North Waziristan has long been filled with militant groups focused on battling U.S. and NATO forces across the border in Afghanistan. But as the army has mounted operations against the Pakistani Taliban elsewhere in the lawless tribal belt, many in the group, which has focused on attacking Pakistan, have since set up shop in North Waziristan.

Suspicion that the man accused of a failed bombing attempt in New York's Times Square earlier this month may have received aid from the Pakistani Taliban has added to U.S. urgency about clearing North Waziristan.

Before the Pakistani Taliban began operating in the tribal border region, Islamabad was believed to want to avoid taking on the area because the militant networks there were not threatening targets inside the country. Critics also suspect Pakistan wants to maintain good relations with some of those Afghan-focused militant networks so that it will have allies in Afghanistan once the U.S. leaves the region.

The Pakistani army's chief spokesman, Maj. Gen. Athar Abbas, declined to offer immediate comment Saturday.

Naeem would not rule out the possibility that Punjab province-based militant groups played a role in the Ahmadi attacks as well, but would not mention any specific groups. The Pakistani Taliban have local affiliates and function as a coalition or network of militant organizations.

Meanwhile Saturday, Ahmadi leaders in Pakistan demanded better government protection as they buried many of the people killed. Waseem Sayed, a U.S.-based Ahmadi spokesman, said it was the worst attack in the sect's 121-year history.

The request could test the government's willingness to take on hard-line Islamists whose influence is behind decades of state-sanctioned discrimination against the Ahmadis in the Sunni Muslim-majority country.

"Are we not the citizens of Pakistan?" local Ahmadi leader Raja Ghalib Ahmad asked at the site of one of the attacks in the Garhi Shahu section of Lahore. "We do have the right to be protected, but unfortunately we were not given this protection."

Ahmad called on the government to take action against the Pakistani Taliban.

The Ahmadis are reviled as heretics by mainstream Muslims for their belief that their founder, Mirza Ghulam Ahmad, was a savior foretold by the Quran, Islam's holy book. Many Muslims say Ahmadis are defying the basic tenet of Islam that says Muhammad is the final prophet, but Ahmadis argue that their leader was the savior rather than a prophet.

The sect originated in 1889 in Qadian, a village in British-ruled India. It spread into Muslim-majority Pakistan after British India was partitioned and now claims 160 million adherants in 180 countries, according to a spokesman, Aslam Daud.

Under pressure from Islamists, Pakistan in the 1970s declared Ahmadis a non-Muslim minority. Pakistani Ahmadis -- who number between 3 million and 4 million -- are prohibited from calling themselves Muslims or engaging in practices such as reciting Islamic prayers.

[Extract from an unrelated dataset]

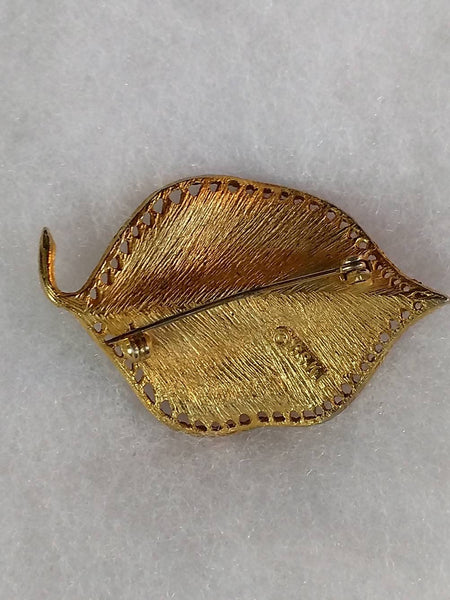 B.S.K. Beauty in Gold "Leaf Pin"... Clean Cut Design Nature Lovers Love...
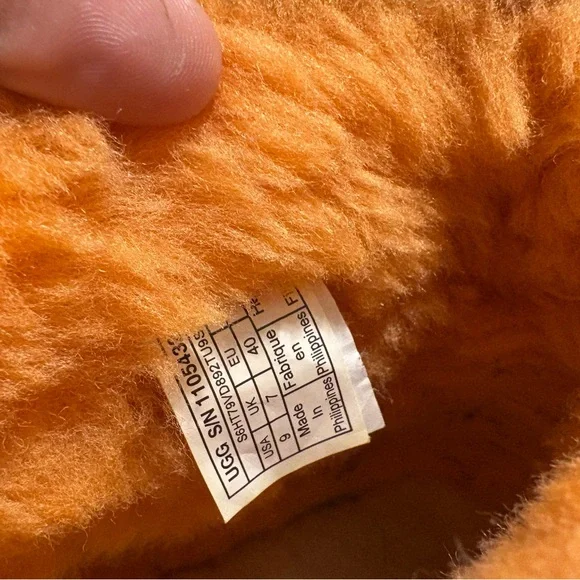 UGG Classic Street Graffiti Mini Ankle Boot EUC Womens Size 9 SN1105443 - Picture 8 of 11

Mourners on Saturday began burying the victims of the attacks at a sprawling graveyard in Rabwa, a headquarters of the Ahmadi sect 90 miles (150 kilometers) northwest of Lahore. Hundreds of men, women and children wept near bodies covered with white sheets and lined up in an open area for the funeral.

In a sign of the sensitivity surrounding the sect, several Pakistani leaders who condemned the attacks did not refer specifically to the Ahmadis in their statements. TV channels and newspapers avoided the word "mosque" in describing the attacked sites, preferring "places of worship."

Interior Minister Rehman Malik said the federal government had alerted Punjab province's administration about threats to the Ahmadi community, and that the latest warning was sent Wednesday.